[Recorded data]
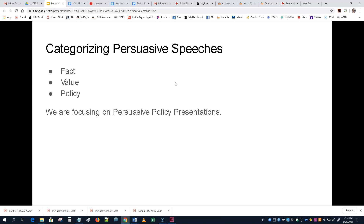We're going to focus on persuasive policy presentations — questions of policy, questions of changing behavior. A policy presentation can change somebody's mind, but that's not what we want to stop at. We want to do a persuasive policy presentation that can change someone's mind and change their behavior — change something they do. It could be a small change or a big change, but that's what we're going to focus on.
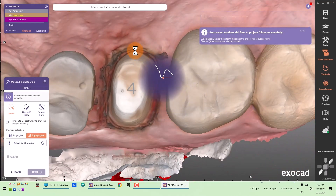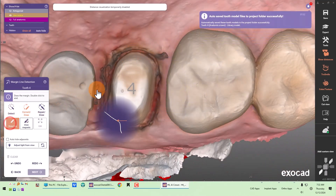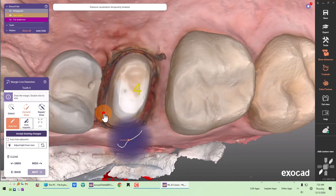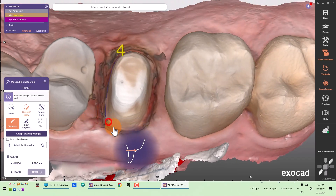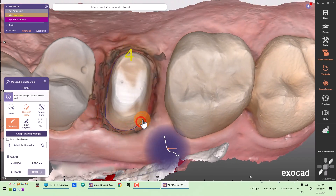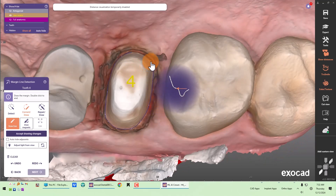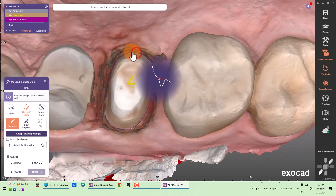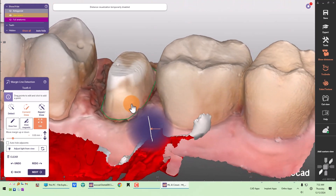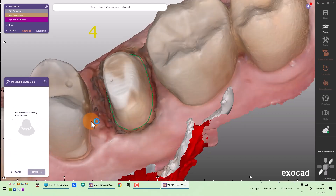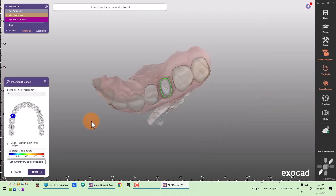The crown is back. Again, I'm just going to marginate. Set my insertion direction — that's pretty good.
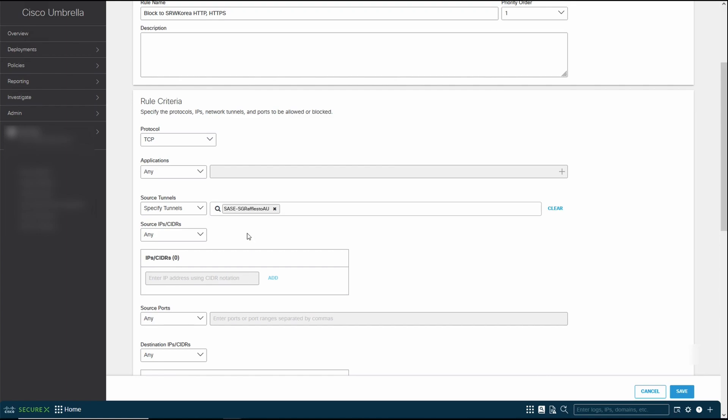I could have a set of policies for all, and then specify a set of stricter policies for some. In this case, for example, I only want to block the traffic initiating or going out from the Australian branch, I could specify the Australian branch. And then source IP address, I could even configure a certain subnet that I want to block only. However, rule of thumb: do not be too creative and do not customize too many rules.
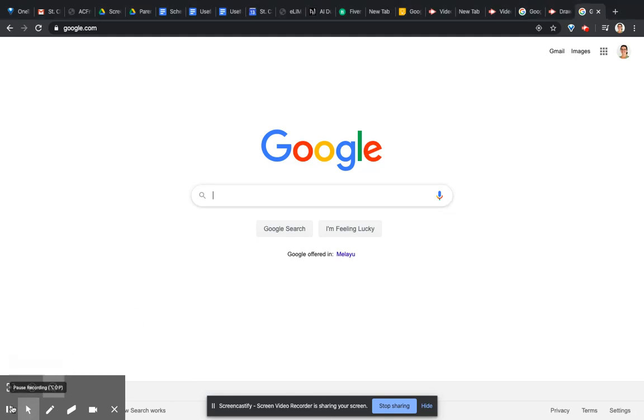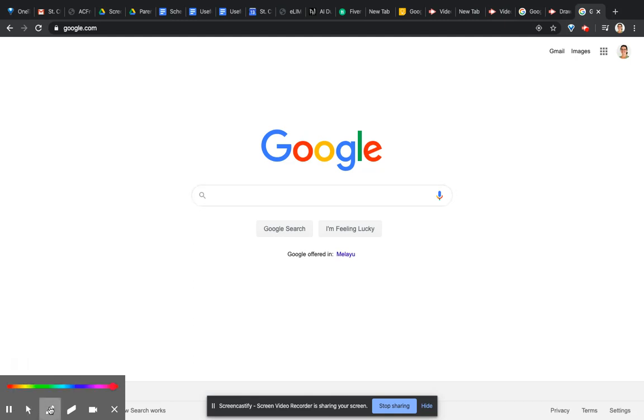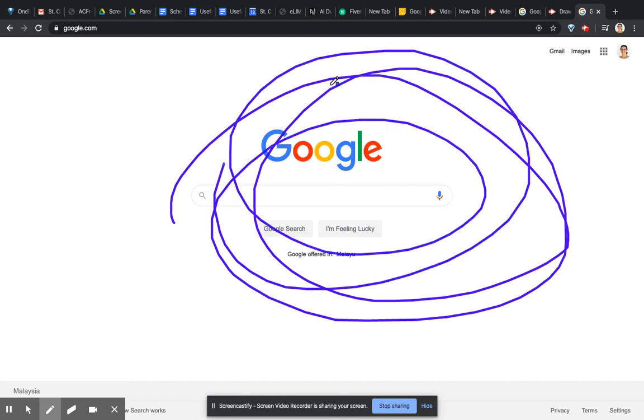One of those options is to write, and you can change the pen color and then write on your screen.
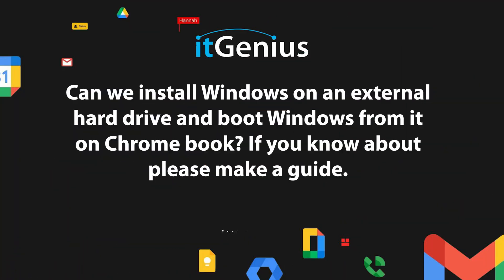Can we install Windows on an external hard drive and boot Windows from it on a Chromebook? If you know about it, please make a guide.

● Your instructions
Copy nothing but the lines above that run from the one with "I could have" to the one with "One of those", ends included; pictures stay out.

● Task response
I could have a set of policies for all, and then specify a set of stricter policies for some. In this case, for example, I only want to block the traffic initiating or going out from the Australian branch, I could specify the Australian branch. And then source IP address, I could even configure a certain subnet that I want to block only. However, rule of thumb: do not be too creative and do not customize too many rules.
One of those options is to write, and you can change the pen color and then write on your screen.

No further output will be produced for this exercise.